In January, amid the early exuberance of generative AI’s watershed debut on the world stage, a lawyer representing a trio of artists walked into a San Francisco courthouse to file a class-action lawsuit against Stability AI and Midjourney, makers of the hugely popular AI art generation tools Stable Diffusion and Midjourney. The suit, which also names online art portfolio DeviantArt, alleges the defendants used billions of copyrighted images to train their AI models without obtaining consent from the original artists. It stipulates billions of dollars in potential damages.
The case is currently winding its way through the US legal system, but one fact is already undeniable: The three artists were only the tip of the iceberg. In the months since, companies like OpenAI and Google have been sued by people like Sarah Silverman over their data scraping practices. The rash of copyright lawsuits aimed squarely at the hottest sector in tech begs a decidedly old-world question: What is the value of intellectual property? And who should get paid?
To be fair, it’s not intuitively obvious that that would be the question at hand. Sitting down for the first time with a tool like ChatGPT can feel like catching a glimpse of the future – a primordial first step toward the near-omniscient computer from “Star Trek.” It’s easy to walk away with the sense that these generative tools are, well, generating something original. But peel back AI’s glossy veneer and you’ll find that at their core, products like ChatGPT and Google Bard are powered not by some inscrutable mix of algorithmic alchemy or science fiction tropes, but rather by a staggering corpus of human-generated content and knowledge.
Make no mistake: That content is the fuel driving the stratospheric rise of generative AI. And so far, virtually no one is being paid for it. That’s a grave problem. With the notable exception of Shutterstock, no major tech company to date has announced substantive plans to reimburse content creators for their work when it’s used to train an AI model. It’s not because AI firms don’t consider content valuable. The very tech giants apathetic to the plight of copyright holders have themselves expressly prohibited using generative content created by their services to train competing machine learning models.
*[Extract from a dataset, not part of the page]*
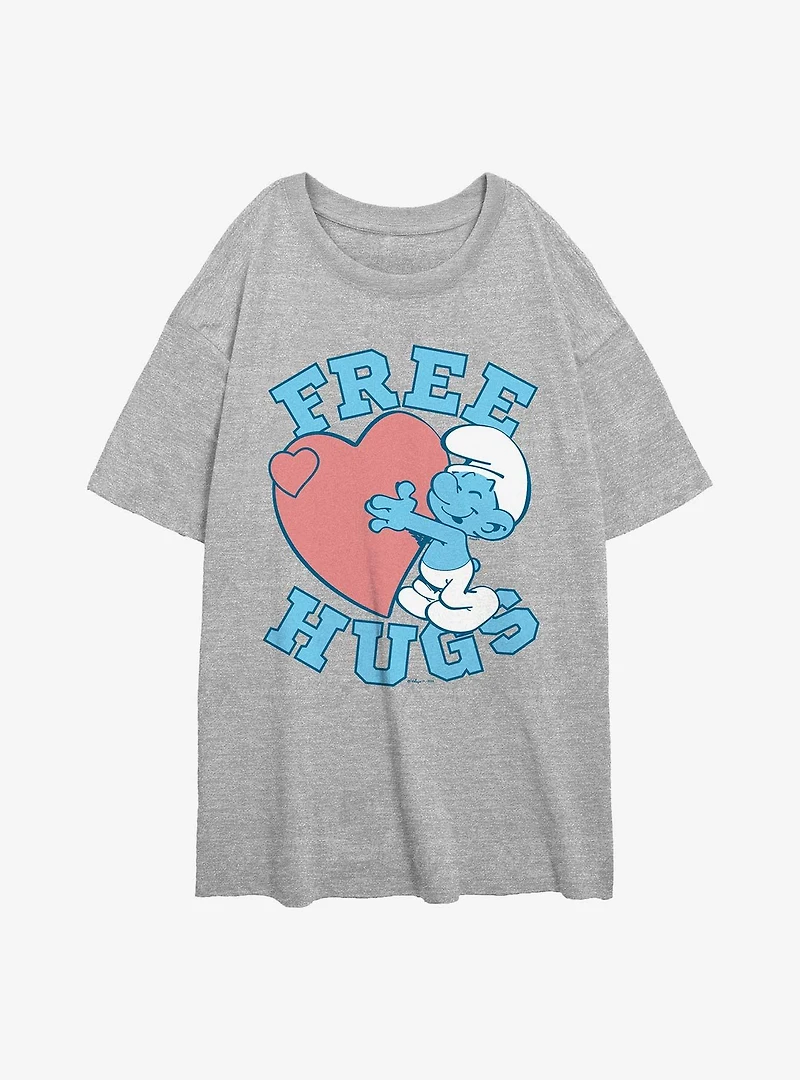 The Smurfs Free Hugs Womens Oversized T-Shirt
Clearly, this situation is untenable, with a raft of dire consequences already beginning to emerge. Should the courts determine that generative AI firms aren’t protected by the fair use doctrine (a likely outcome), the still-budding industry could be on the hook for practically limitless damages. Meanwhile, platforms like Reddit are beginning to aggressively push back against unchecked data scraping. Recently, the company announced a drastic increase to its API pricing, which has had the unfortunate side effect of wiping out a rich ecosystem of third-party apps such as Apollo and BaconReader.
These sorts of unintended externalities will only continue to multiply unless strong measures are taken to protect copyright holders. Government can play an important role here by introducing new legislation to bring IP laws into the 21st century, replacing outdated regulatory frameworks created decades before anyone could have predicted the rise of generative AI. Government can also spur the creation of a centralized licensing body to work with national and international rights organizations to ensure that artists, content creators, and publishers are being fairly compensated for the use of their content by generative AI companies.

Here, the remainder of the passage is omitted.